This Start-up Is Adding Value to Local Spices

Patricia G. Sonah, a graduate in Biology from the University of Liberia

The PGS Enterprise is adding value to spices that are specially grown in Liberia. But before it all started, Patricia G. Sonah, a graduate in Biology from the University of Liberia had to think out ways to survive each day after her contract with the Ministry of Youth and Sports was terminated during the peak of the Coronavirus in Liberia.  

 “PGS started last year in October (2020). Before this venture, I worked with the Ministry of Youth and Sports on a contractual basis.  After the contract expired, I went hunting for jobs but I couldn’t get one. Things began to get difficult,” she narrated. 

The few months without a job brought Patricia back to her drawing board, and it was at that moment that the 29 year-old realized that a hobby could become a source of income. 

“I used to make a variety of products like seasoned pepper, seasoned bennyseeds, and bony powder for friends and relatives that live abroad. I stopped because of the job.  So I told myself, “Friends already love these things, why not try it again?” she said.  

In December, Patricia began concocting products from locally grown spices. Demand for her products quickly increased. But improving on feedback from the first few clients has been the key, Patricia said. 

“So I went back to making spices from local ingredients. I shared the first product with family and friends and I encouraged them to give me feedback. The first product was the mixed pepper spice. But we went on producing a range of different products based on the demand from our clients,” she said.

PGS Enterprise's weekly production range is 40 to 50 cups of heterogeneous products, and her brand has its presence among other locally made products at leading supermarkets around town.  Also, Patricia keeps diaspora Liberians connected to Liberia with her products.  “My oldest sister helps sell my products to the Liberian community in the United States.  I send her products quarterly.”

The Team Makes the Dream Work

With the complexity associated with food processing and marketing, Patricia leans on a team of seven to make the dream work. 

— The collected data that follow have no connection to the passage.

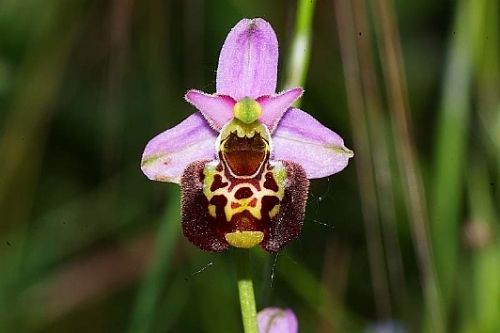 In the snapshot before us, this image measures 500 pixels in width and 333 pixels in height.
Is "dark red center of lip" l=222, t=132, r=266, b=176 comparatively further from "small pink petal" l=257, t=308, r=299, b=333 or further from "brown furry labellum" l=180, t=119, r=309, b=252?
"small pink petal" l=257, t=308, r=299, b=333

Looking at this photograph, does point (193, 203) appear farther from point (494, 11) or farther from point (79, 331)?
point (79, 331)

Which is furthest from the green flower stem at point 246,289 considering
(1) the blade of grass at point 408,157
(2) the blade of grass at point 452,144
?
(2) the blade of grass at point 452,144

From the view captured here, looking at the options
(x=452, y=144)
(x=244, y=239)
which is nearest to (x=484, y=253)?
(x=452, y=144)

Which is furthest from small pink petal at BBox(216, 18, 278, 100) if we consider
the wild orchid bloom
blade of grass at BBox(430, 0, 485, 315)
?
blade of grass at BBox(430, 0, 485, 315)

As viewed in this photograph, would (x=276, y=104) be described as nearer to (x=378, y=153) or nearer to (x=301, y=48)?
(x=301, y=48)

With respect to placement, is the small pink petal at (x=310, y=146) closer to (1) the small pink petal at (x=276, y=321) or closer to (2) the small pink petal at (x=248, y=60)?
(2) the small pink petal at (x=248, y=60)

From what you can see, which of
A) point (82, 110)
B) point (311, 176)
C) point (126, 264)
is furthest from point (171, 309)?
point (311, 176) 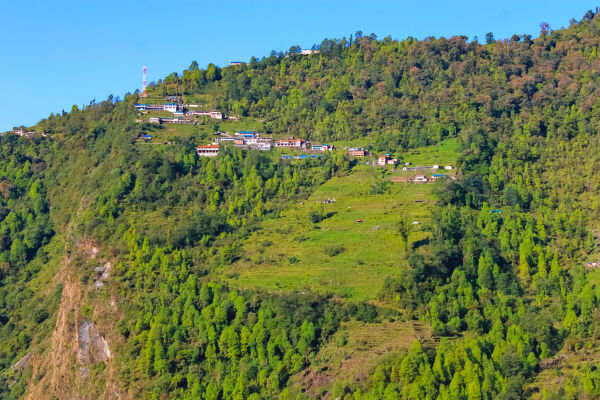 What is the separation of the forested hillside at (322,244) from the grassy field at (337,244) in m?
0.22

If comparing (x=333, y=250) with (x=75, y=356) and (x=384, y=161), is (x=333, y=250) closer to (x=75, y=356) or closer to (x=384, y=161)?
(x=384, y=161)

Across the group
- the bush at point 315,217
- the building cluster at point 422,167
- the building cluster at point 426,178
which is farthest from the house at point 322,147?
the bush at point 315,217

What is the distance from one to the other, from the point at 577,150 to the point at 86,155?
46.5 metres

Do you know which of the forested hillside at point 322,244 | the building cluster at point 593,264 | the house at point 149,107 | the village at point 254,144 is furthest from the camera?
the house at point 149,107

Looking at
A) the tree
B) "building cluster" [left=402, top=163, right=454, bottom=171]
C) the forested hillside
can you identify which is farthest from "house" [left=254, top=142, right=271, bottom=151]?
the tree

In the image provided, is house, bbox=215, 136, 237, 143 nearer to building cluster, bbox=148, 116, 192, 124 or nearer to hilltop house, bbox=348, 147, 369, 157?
building cluster, bbox=148, 116, 192, 124

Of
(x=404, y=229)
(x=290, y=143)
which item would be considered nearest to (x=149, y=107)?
(x=290, y=143)

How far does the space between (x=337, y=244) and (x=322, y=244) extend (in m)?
1.14

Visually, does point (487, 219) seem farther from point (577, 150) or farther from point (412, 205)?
point (577, 150)

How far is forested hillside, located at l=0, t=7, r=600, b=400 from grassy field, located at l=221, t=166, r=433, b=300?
0.73 ft

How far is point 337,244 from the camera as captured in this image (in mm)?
68625

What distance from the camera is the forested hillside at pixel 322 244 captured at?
2210 inches

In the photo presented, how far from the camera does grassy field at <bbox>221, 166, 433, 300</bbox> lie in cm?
6347

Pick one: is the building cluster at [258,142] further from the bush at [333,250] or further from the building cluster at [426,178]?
the bush at [333,250] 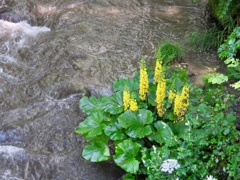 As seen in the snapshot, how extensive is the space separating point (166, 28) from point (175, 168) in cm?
404

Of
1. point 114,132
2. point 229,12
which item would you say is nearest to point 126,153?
point 114,132

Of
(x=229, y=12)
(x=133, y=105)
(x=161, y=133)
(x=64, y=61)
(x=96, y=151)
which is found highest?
(x=229, y=12)

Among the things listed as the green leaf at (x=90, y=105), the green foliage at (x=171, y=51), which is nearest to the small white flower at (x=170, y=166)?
the green leaf at (x=90, y=105)

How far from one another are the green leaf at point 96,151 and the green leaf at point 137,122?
1.10ft

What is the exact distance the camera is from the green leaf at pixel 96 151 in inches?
138

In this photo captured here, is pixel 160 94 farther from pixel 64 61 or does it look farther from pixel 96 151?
pixel 64 61

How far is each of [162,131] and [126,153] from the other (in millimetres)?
445

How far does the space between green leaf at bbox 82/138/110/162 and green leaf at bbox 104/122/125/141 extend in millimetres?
160

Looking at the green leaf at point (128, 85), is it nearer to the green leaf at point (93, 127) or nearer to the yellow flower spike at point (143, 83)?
the yellow flower spike at point (143, 83)

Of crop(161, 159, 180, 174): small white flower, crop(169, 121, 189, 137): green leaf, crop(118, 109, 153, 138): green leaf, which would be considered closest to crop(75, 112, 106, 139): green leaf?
crop(118, 109, 153, 138): green leaf

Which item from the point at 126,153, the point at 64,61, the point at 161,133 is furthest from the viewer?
the point at 64,61

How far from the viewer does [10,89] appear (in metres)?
4.95

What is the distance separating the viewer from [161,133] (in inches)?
136

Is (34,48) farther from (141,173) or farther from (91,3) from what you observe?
(141,173)
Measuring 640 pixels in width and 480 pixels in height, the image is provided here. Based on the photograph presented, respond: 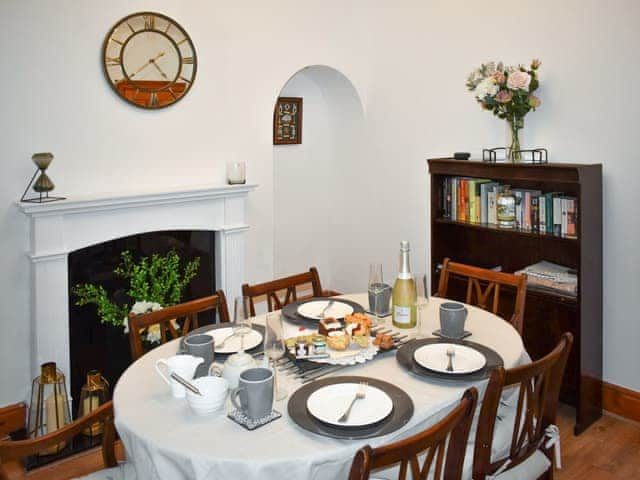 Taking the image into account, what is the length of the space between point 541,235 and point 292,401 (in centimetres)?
198

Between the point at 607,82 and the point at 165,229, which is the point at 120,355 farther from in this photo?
the point at 607,82

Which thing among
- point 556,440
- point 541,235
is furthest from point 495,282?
point 556,440

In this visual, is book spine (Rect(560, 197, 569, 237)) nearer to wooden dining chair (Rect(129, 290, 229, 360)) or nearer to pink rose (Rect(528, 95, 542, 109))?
pink rose (Rect(528, 95, 542, 109))

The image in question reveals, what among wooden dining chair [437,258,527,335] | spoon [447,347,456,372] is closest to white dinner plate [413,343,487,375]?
spoon [447,347,456,372]

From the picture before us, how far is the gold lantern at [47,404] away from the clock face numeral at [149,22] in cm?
185

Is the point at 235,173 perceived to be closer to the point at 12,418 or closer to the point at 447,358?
the point at 12,418

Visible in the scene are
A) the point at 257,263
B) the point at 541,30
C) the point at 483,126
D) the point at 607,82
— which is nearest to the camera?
the point at 607,82

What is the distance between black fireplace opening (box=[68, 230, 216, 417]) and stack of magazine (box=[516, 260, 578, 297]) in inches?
79.8

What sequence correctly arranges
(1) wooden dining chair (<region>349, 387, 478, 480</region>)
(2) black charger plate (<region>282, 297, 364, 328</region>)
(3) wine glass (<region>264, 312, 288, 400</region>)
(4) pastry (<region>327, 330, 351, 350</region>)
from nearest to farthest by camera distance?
1. (1) wooden dining chair (<region>349, 387, 478, 480</region>)
2. (3) wine glass (<region>264, 312, 288, 400</region>)
3. (4) pastry (<region>327, 330, 351, 350</region>)
4. (2) black charger plate (<region>282, 297, 364, 328</region>)

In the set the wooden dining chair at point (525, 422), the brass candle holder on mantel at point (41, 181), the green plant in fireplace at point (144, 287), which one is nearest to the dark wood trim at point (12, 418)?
the green plant in fireplace at point (144, 287)

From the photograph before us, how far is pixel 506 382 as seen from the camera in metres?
1.58

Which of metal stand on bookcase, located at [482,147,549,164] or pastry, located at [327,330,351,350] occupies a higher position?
metal stand on bookcase, located at [482,147,549,164]

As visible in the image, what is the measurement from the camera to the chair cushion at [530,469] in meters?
1.80

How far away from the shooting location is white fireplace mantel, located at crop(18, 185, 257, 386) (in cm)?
298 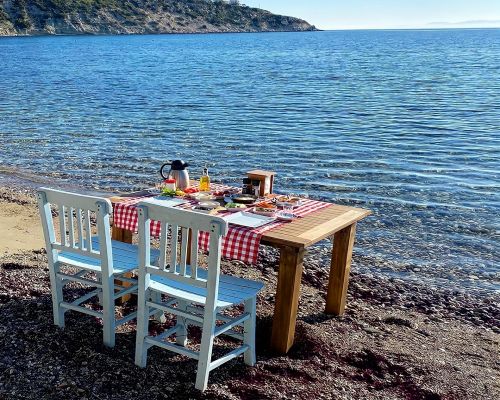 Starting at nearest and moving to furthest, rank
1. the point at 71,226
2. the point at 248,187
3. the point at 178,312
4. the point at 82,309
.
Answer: the point at 178,312
the point at 71,226
the point at 82,309
the point at 248,187

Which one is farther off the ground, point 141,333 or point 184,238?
point 184,238

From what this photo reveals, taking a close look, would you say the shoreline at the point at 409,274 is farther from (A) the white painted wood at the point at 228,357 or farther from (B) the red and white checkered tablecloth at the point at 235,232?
(A) the white painted wood at the point at 228,357

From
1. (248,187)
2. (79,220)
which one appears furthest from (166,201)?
(79,220)

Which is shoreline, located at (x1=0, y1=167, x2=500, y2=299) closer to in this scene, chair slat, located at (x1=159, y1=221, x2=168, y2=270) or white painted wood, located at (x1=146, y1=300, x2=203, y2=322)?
white painted wood, located at (x1=146, y1=300, x2=203, y2=322)

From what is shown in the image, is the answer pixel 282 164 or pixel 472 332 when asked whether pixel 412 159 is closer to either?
pixel 282 164

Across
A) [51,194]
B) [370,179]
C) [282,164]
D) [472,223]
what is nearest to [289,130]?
[282,164]

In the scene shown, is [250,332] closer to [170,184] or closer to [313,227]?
[313,227]

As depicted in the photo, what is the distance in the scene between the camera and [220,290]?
15.0ft

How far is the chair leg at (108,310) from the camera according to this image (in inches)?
190

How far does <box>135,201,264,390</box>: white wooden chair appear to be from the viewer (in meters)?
4.12

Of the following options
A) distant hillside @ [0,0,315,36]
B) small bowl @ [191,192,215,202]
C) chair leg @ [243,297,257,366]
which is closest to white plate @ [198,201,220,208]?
small bowl @ [191,192,215,202]

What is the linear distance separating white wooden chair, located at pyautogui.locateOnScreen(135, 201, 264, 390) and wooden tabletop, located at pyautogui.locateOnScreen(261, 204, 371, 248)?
0.41 meters

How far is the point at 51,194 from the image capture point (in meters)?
4.77

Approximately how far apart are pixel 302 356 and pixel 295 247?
3.23ft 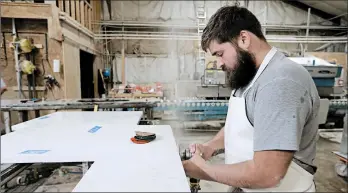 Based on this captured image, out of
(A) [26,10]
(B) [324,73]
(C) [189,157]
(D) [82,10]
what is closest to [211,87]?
(B) [324,73]

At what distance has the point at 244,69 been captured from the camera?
79 centimetres

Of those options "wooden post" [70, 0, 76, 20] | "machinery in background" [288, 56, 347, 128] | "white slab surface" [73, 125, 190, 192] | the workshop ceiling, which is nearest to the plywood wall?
"wooden post" [70, 0, 76, 20]

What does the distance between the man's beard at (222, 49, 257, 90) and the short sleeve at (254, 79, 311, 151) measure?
0.49 feet

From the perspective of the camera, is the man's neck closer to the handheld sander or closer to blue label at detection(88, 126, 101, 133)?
the handheld sander

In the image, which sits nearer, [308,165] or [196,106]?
[308,165]

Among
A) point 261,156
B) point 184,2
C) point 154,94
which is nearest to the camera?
point 261,156

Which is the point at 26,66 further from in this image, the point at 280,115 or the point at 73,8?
the point at 280,115

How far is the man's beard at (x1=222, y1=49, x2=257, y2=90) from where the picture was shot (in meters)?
0.77

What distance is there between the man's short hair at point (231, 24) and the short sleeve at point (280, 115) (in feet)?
0.71

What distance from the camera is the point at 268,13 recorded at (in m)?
6.57

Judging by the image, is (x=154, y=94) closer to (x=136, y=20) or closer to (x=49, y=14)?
(x=49, y=14)

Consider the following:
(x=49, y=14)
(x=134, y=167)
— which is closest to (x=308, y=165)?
(x=134, y=167)

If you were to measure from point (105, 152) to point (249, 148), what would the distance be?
0.54 metres

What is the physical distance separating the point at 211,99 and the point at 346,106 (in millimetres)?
2564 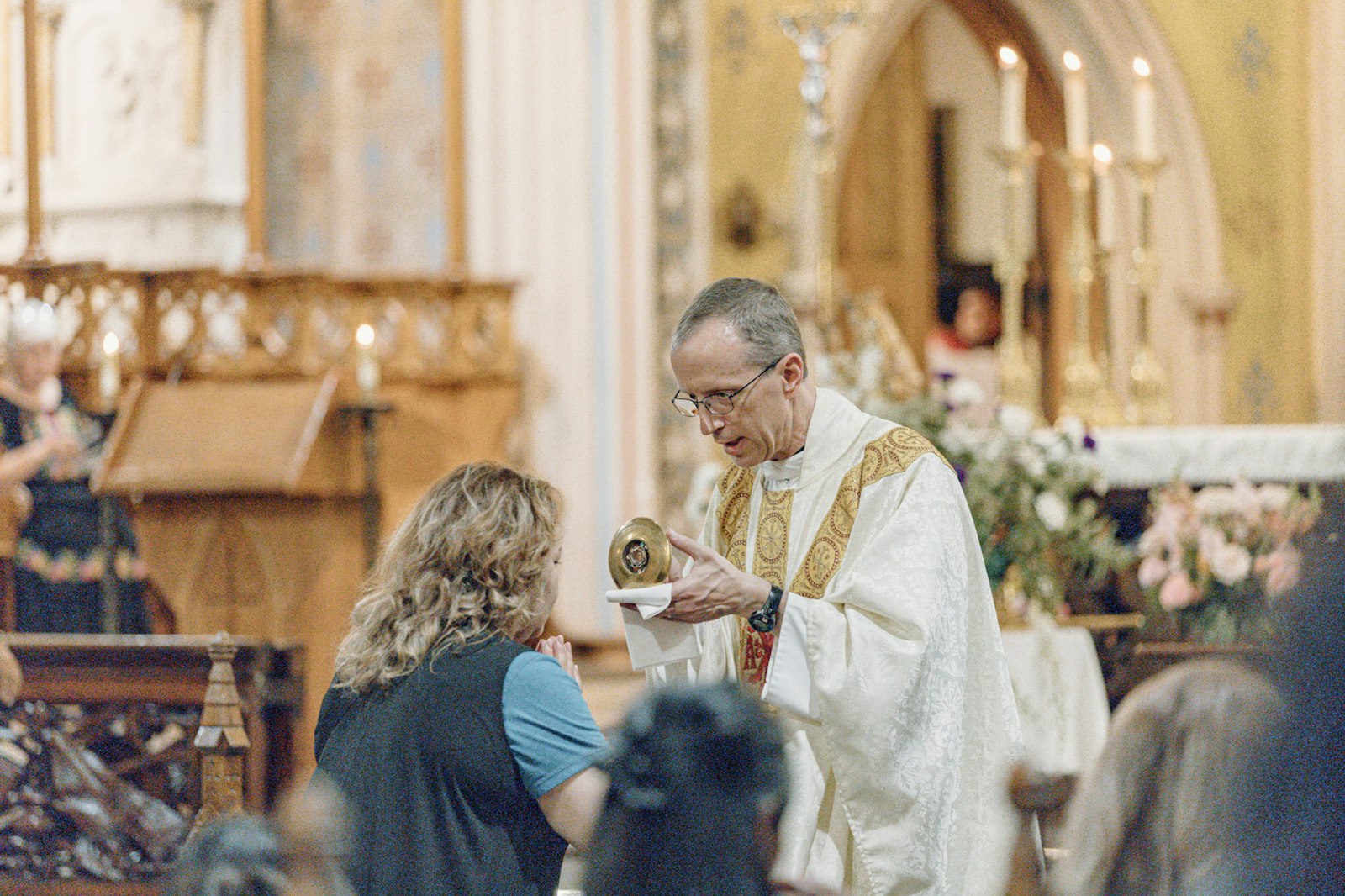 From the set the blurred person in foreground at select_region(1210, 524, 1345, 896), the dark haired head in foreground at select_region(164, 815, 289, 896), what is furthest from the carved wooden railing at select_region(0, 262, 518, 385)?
the blurred person in foreground at select_region(1210, 524, 1345, 896)

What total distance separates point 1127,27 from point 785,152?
2.42 metres

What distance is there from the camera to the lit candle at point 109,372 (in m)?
6.12

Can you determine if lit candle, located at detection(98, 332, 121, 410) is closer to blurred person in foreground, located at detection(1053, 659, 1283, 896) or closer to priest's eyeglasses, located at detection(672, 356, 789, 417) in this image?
priest's eyeglasses, located at detection(672, 356, 789, 417)

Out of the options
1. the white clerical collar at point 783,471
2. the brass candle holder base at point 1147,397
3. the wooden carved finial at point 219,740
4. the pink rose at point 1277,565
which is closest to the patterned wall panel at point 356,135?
the brass candle holder base at point 1147,397

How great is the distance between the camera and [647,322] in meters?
8.00

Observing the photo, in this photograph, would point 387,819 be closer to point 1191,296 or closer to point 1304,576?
point 1304,576

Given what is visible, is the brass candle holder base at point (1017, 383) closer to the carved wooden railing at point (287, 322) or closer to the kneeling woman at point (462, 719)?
the carved wooden railing at point (287, 322)

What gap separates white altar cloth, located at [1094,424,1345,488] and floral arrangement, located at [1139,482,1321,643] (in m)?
0.44

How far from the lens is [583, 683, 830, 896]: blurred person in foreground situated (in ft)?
4.48

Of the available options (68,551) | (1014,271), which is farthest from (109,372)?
(1014,271)

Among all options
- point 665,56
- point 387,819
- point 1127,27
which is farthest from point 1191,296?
point 387,819

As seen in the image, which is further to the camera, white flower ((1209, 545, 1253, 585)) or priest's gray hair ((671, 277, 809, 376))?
white flower ((1209, 545, 1253, 585))

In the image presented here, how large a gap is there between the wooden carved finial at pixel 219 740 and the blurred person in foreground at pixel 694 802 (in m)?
1.74

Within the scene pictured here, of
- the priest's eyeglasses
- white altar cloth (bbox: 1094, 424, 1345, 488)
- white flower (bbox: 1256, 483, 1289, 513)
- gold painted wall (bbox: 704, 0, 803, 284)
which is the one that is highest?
gold painted wall (bbox: 704, 0, 803, 284) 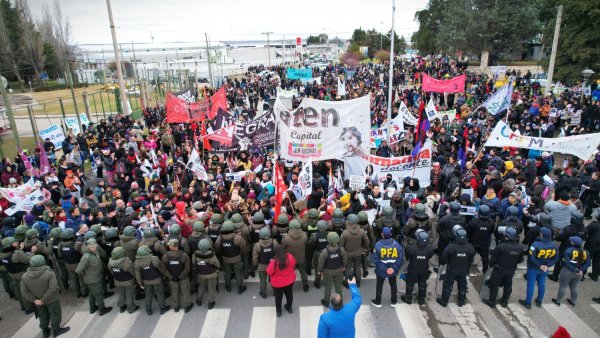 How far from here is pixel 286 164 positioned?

“I have four persons that help with the packaging aspect of our operation and three other persons who help with the delivery of orders that come in. Earlier, my brother and I were delivering orders. But now, we have incorporated others because of the increase in demand. These people are not full-time staff, but I compensate them at the end of the day.”

Patricia hopes to increase production by acquiring small-scale machines to reduce the cost of labour associated with grinding some of the spices into powder form.  

“I am working toward having a machine that can give me a fine-powder of some of the spices. The blenders that I am using are not that efficient because they were not built for such an operation.”

Patricia envisions that in four to five years, the start-up, birthed in her parents’ home, will have its own production site. 

“In the next four or five years, I would love to see us at our production station because we are currently working from my parents’ home. And it’s very challenging. So I am looking forward to us having a production station where we can produce all of our products and take them to the market, and someday venture into other areas.”